C: You would consider giving up Ukraine and splitting NATO for that?

D: Everything has to be on the table. China is like wokeness; it’s an existential threat.

C: Thank you for your time.

More on Moore

Most commentators, myself included, doubted the Supreme Court would rule on the merits in Moore. There were sound reasons for it to dismiss the case as moot. Having decided to make a point, however, the Court got it right. For once, it followed the clear mandate of history, common sense, and its own precedents and rejected the independent state legislature theory.
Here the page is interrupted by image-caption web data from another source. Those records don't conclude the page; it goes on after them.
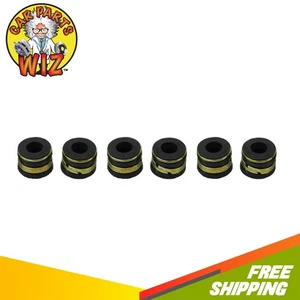 Engine Valve Stem Seals Fits 83-96 Buick Chevrolet 98 Bonneville 3.8L 12V Buick - Picture 1 of 1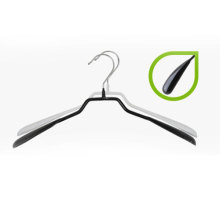 PVC coated cloth hanger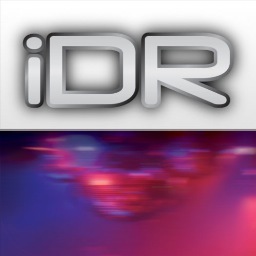 24x7 Internet dance radio; Today's best dance, today's best variety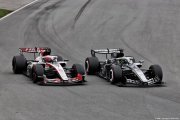 Cadillac F1 signe 'son week-end le plus compétitif' de la saison au Canada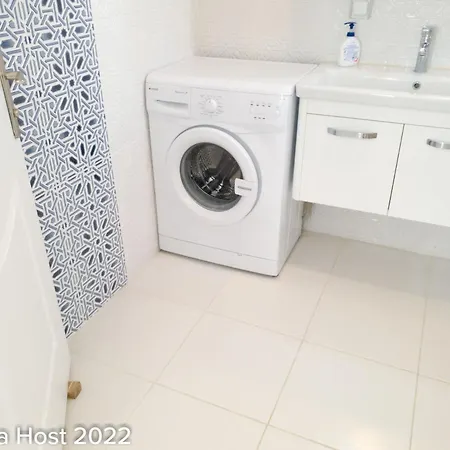 펜션 Magnificent Duplex With Terrace And 4 Balconies *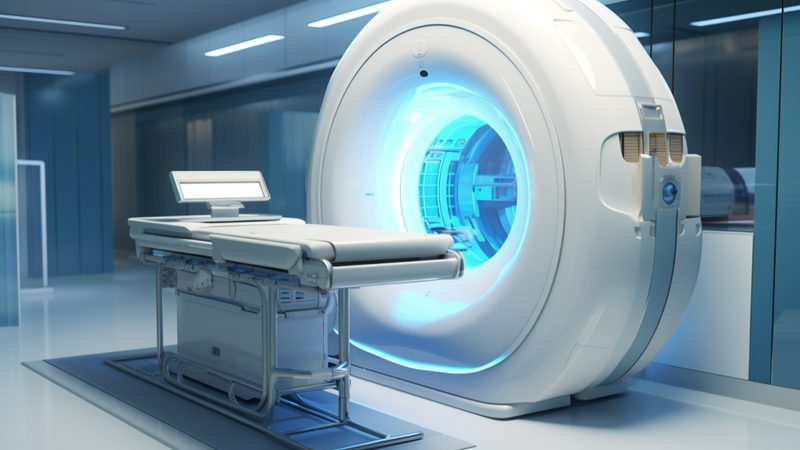 基因测序仪与PCR仪：揭开分子生物学研究的双剑之谜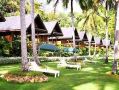 Away Resort Koh Kood, Deluxe Beach Bungalow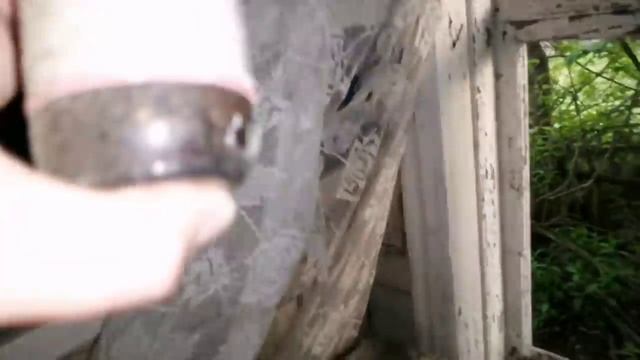 Покинутый мир. Забрали всё.mp4 смотреть онлайн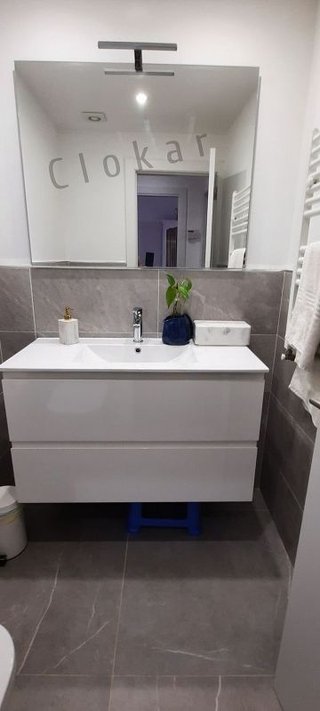 Piso en venta en Ensanche en Coruña (A)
Justice Thomas made a reasonable argument in dissent that the case was moot. Logically, he should have stopped there. He even sort of admits that he should keep his mouth shut at that point. But he couldn’t help himself, so he told the world that he completely bought into the ISL theory. Why, other than having diarrhea of the mouth? Probably because he can see himself quoting himself as authority in some future case. He does that all the time.

The Court left the issue of the standard of Supreme Court review of state court decisions on elections for another day. It is likely that it will ultimately adopt something like an egregious error standard, based on the Kavanaugh concurrence. Since that conforms nicely with the federal due process standard, it makes sense, even though, with the current Court, it would probably only be used to help Republicans.

Is Prigozhin Woke?

Most Americans who admire Putin do so because they view him as an ally in the universal war on wokeness. If you accept that argument, does that mean the head of the Wagner Group, best known for its incredibly brutal human wave attacks in Ukraine, is woke?